08/29/2024 / By Zoey Sky
Ukraine used aerial drones on Aug. 22 to attack an air base in Russia’s Volgograd region as part of its campaign of long-range strikes aimed at bringing down Moscow’s war machine. The primary targets are warehouses used to store fuel and glide bombs to cripple Russia’s air power.
According to Russian authorities in Volgograd, a falling drone started fire at a military air base in the residential village of Marinovka. An unconfirmed video posted on Russian social media showed the Marinovka Air Base on fire, with thick smoke billowing into the sky.
Meanwhile, Russia’s Ministry of Defense claimed it had repelled drones over five other regions overnight. Andrei Bocharov, the region’s governor, posted on Telegram early on Aug. 22 that an unmanned aerial vehicle (UAV) attack was “repelled,” adding that the attack caused a fire at a defense ministry facility 185 miles from the border with Ukraine.
Earlier, Ukrainian President Volodymyr Zelensky said that while Ukrainian drones “work exactly as they should,” they are not enough for what needs to be done. Zelensky added that Ukraine needs more weapons, such as “missile weapons.” (Related: Tokyo to provide $3.3 billion loan to Kyiv using frozen Russian assets.)
Zelensky’s office released footage of his first public visit to the border region of Sumy, the staging ground for the incursion, where he met with his top general. He also announced that Ukraine added one more settlement in Kursk to the several dozen it already controls and has more Russian military prisoners.

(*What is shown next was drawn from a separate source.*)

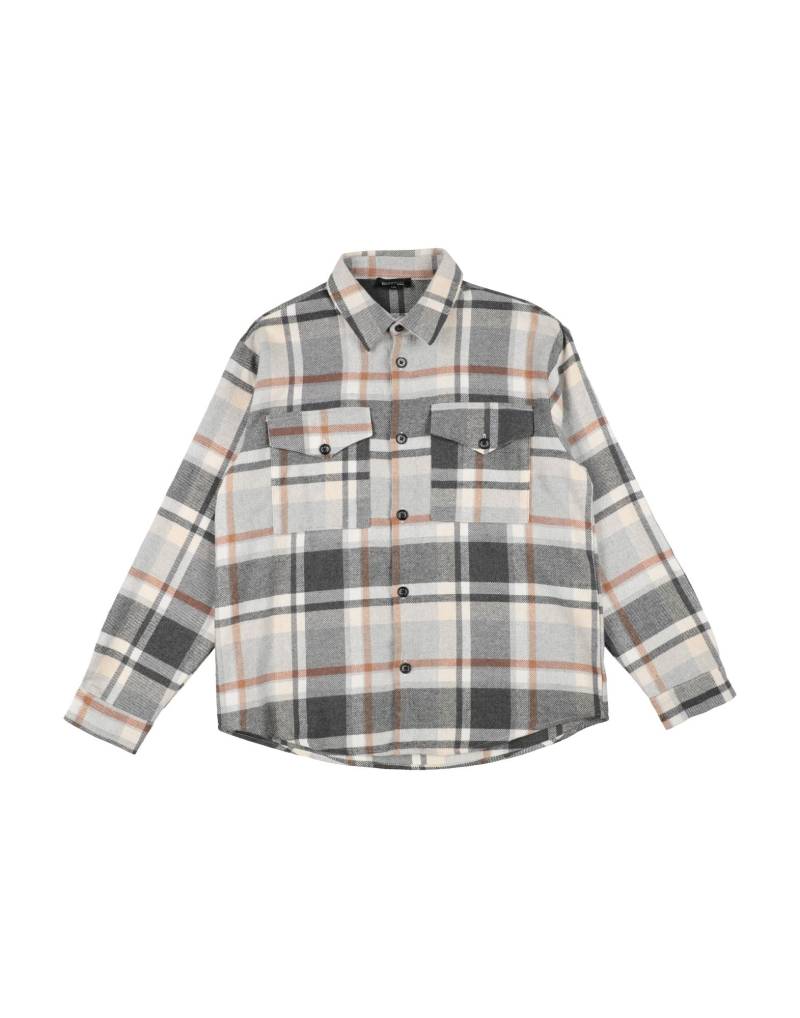 IMPERIAL Hemd Kinder Grau von IMPERIAL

Col. Gen. Oleksandr Syrskiy briefed Zelensky on efforts to fortify Ukraine’s eastern frontline near the strategic towns of Pokrovsk and Toretsk. Ukraine is targeting the towns as Russia advances and has yet to shift significant forces from there to resist Ukraine’s fierce Kursk incursion.
In a meeting with Ukrainian diplomats, Zelensky explained that if allied countries “lifted all the current restrictions on the use of weapons on Russian territory,” Ukraine would no longer need to physically enter areas such as the Kursk region to protect Ukrainian citizens in the border communities and cut down Russia’s “potential for aggression.” He added that any further delay by Ukrainian allies concerning long-range capabilities is becoming “the most effective support for Russia’s offensive potential.”
In May, the Biden administration eased restrictions on the use of American-supplied weapons after Russia reinvaded Ukraine’s northern Kharkiv region, allowing Kyiv to use artillery and fire short-range rockets from High Mobility Artillery Rocket System (HIMARS) launchers against command posts, arms depots and other assets across the border there.
However, the policy didn’t allow Ukraine to use American-supplied rockets called Army Tactical Missile System (ATACMS) within Russia. Now, Zelensky’s administration is appealing to the U.S. to untie its hands by allowing them to use the weapons.
A strategic oil storage facility in the southern Rostov region burned for several days after it was targeted in a recent drone strike. Previously, a Ukrainian official said it had conducted its largest drone attack on Russian military airfields since the start of the Russia-Ukraine war, with strikes in Voronezh, Kursk, Savasleyka and Borisoglebsk.
A Ukrainian drone attack on the Lipetsk airfield also destroyed stockpiles of guided bombs earlier this August.
But while drone strikes are inflicting damage on Russian military resources, Justin Bronk, a senior research fellow at the Royal United Services Institute in London, explained that the total damage so far “isn’t strategically significant.”
But Bronk noted the current rate of damage Ukraine has inflicted on air bases is something the Russians “cannot just accept” as it could become a serious problem over time.
If Ukraine keeps targeting air bases within Russia, the former could force Moscow to relocate air defense systems away from frontline areas. According to Bronk, this has already reduced glide bomb sortie rates by making the Russians fly farther on average to and from their bases to the front.
Douglas Barrie, a senior fellow for military aerospace at the International Institute for Strategic Studies in London, said the increasing quantity and range of Ukrainian drone attacks is becoming a source of frustration for Russia.